Okay, there was once an entry about Indian cuisine, another where a fondness for cherries and berries was mentioned, but never a piece on the primordial place of the meal in my life and the country’s psyche.

Fit for a king (kitchen at la Conciergerie)

This omission struck me the other day when I went to the exhibition Paris, Capital of Gastronomy, from the Middle Ages to Today at the Conciergerie. The word gastronomie itself was taken from the Greek, "the art of regulating the stomach" but was brought into the daily lexicon by Jean-Anthelm Brillat-Savarin in his 1825 Physiologie du goût, and please note the origin of much of the culinary vocabulary that follows.

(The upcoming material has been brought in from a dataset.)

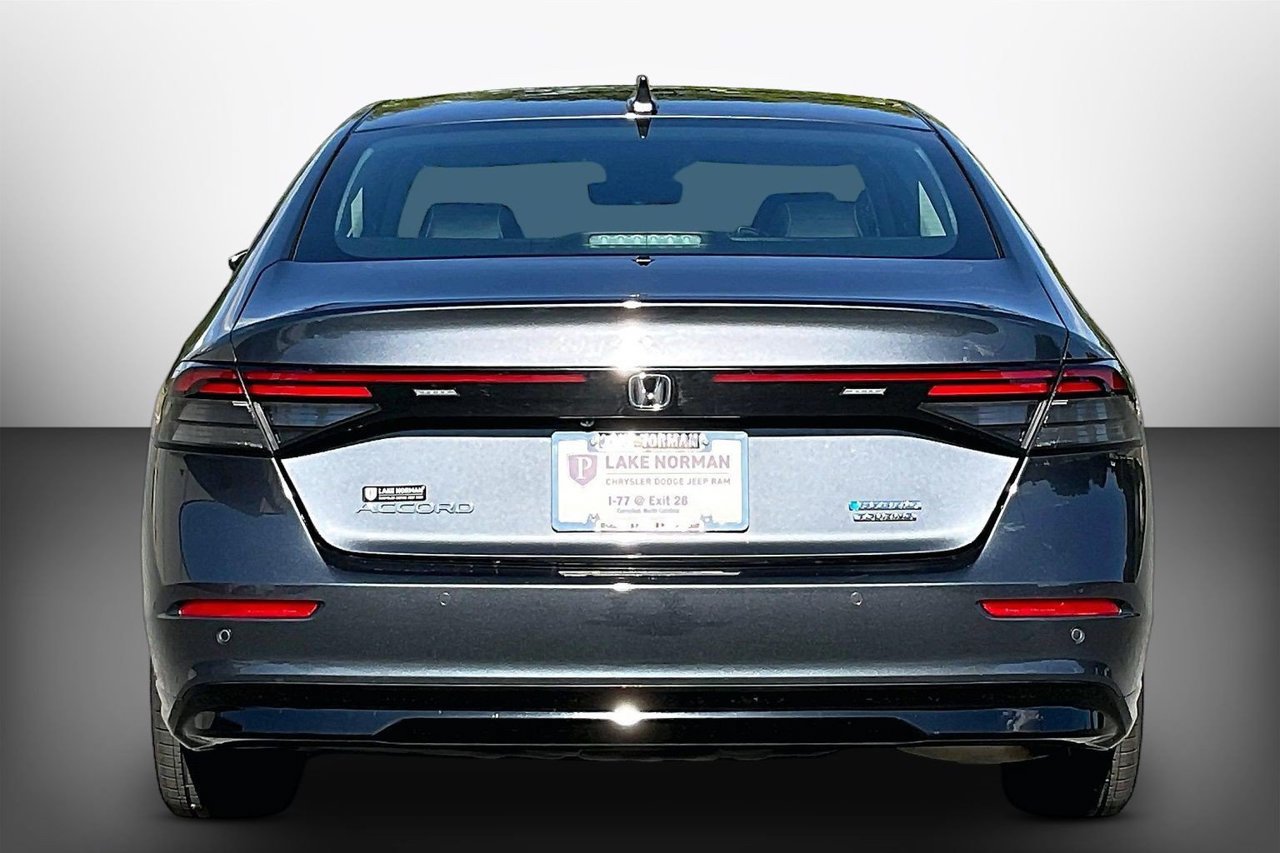 Used 2023 Honda Accord Touring image 7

The exhibition begins with an account of a banquet organised in situ in 1378 by King Charles V. The meal for 800 is presented in such enthusiastic and expansive detail, it could have been served yesterday.

No one left hungry

Another section describes Les Halles, the enormous central market built in the 12th century, that Emile Zola called the Stomach of Paris (and which was displaced to Rungis, outside Paris, to make way for a train station and a hideous shopping mall circa 1970). Another outlines the invention of the restaurant in the 18th century (the word derives from the French verb restaurer, to restore), another praises the art of bread and pastry making, noting that last year UNESCO anointed the baguette with “intangible cultural heritage status” (I guess that's meant as a compliment).

"Et moi alors ?" cried the croissant

Like many Americans my age, I grew up in a gastronomically challenged environment.

Land of the free

My mother - while not resorting to the above - cooked Oscar Meyer hot dogs and dry pork chops with icky Mott's apple sauce and frozen green beans for my sister and me, except on Sunday evening when we ate steak and baked potatoes as a family. And I was lucky. Occasionally, an avocado or an artichoke, the odd slice of real Italian salami, made its way to my plate.

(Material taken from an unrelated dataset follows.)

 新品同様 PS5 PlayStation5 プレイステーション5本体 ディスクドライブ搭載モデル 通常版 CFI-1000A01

But until I moved to Paris age 24, I had never licked the juice of a fresh peach from my fingers, never suspected that a head of garlic could be so sensual.

Rated R

Nor had I seriously cooked a meal. I remember an attempt at a mushroom and hazelnut quiche that came out very watery, some cauliflower in a stodgy cheese-ish sauce, but food was experienced monolithically.

This vegetable will be treated with greater respect

Here in France the connection to food is visceral. Transmission occurs through le terroir, a geographical area that combines crop choice and a particular environment to create a distinctive product and taste (I hope this makes sense - it's a hard concept to translate). Goods are bought at markets, where the ambiance is animated, infused with joie de vivre.

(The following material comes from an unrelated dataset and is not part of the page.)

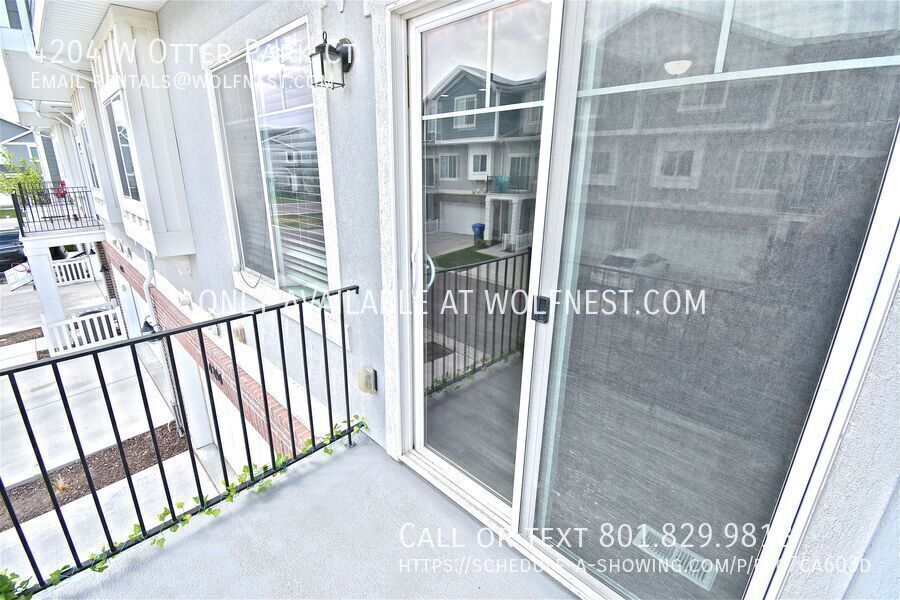Stunning 3 Bed Riverton Townhome! No Deposit Option! property image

Love's got everything to do with it

Then there's les arts de la table, art being the key word. It's a mise en scène, where everything from the choice of food and wine to its aesthetic presentation to the way the table is set to the conviviality of those convoked comes into play.

Happiness

Over the years, gastronomie has got into my bones, my bloodstream, and I too can enthuse almost to the point of febrility about how adding olives to the roasted cauliflower brings the plodding vegetable alive or how sautéed rosemary and hazelnuts perk up those seasonal, fresh green beans.  

Natural beauty

This isn't to say that everyone in France loves food and cooking or that you can’t get a bad meal here. Too many fruits and vegetables are now grown in Spain. There are more and more plats préparés with chemically added ingredients for people in a hurry, and many of the cafés around us in Paris are mediocre at best. Just last month I dragged David to a restaurant in the Perche that I didn’t want to snub because it's modest. Though they made an effort, served the food with ceremony, digesting all that oil was hard work.  

I tried

In fact, during the 90s and early 00s, the quality level of French restaurants took a serious dip into complacency. But between global competition and the food-obsessed millennials coming of age, a whole new energy has been injected into French cuisine with lots of insistence on local, organic products and a return to le terroir. In Paris the last few years there has been the revival of 19th century bouillons, cheap restaurants with good French fare; it really shouldn't be about the money.

Chartier reincarnated (photo by Michel Wal)

The exhibition at the Conciergerie made me wonder how my relationship to gastronomie, would have been different had I not moved to France as a young thing. I can't imagine not relishing meal-time, but what I might have missed is a sobering thought.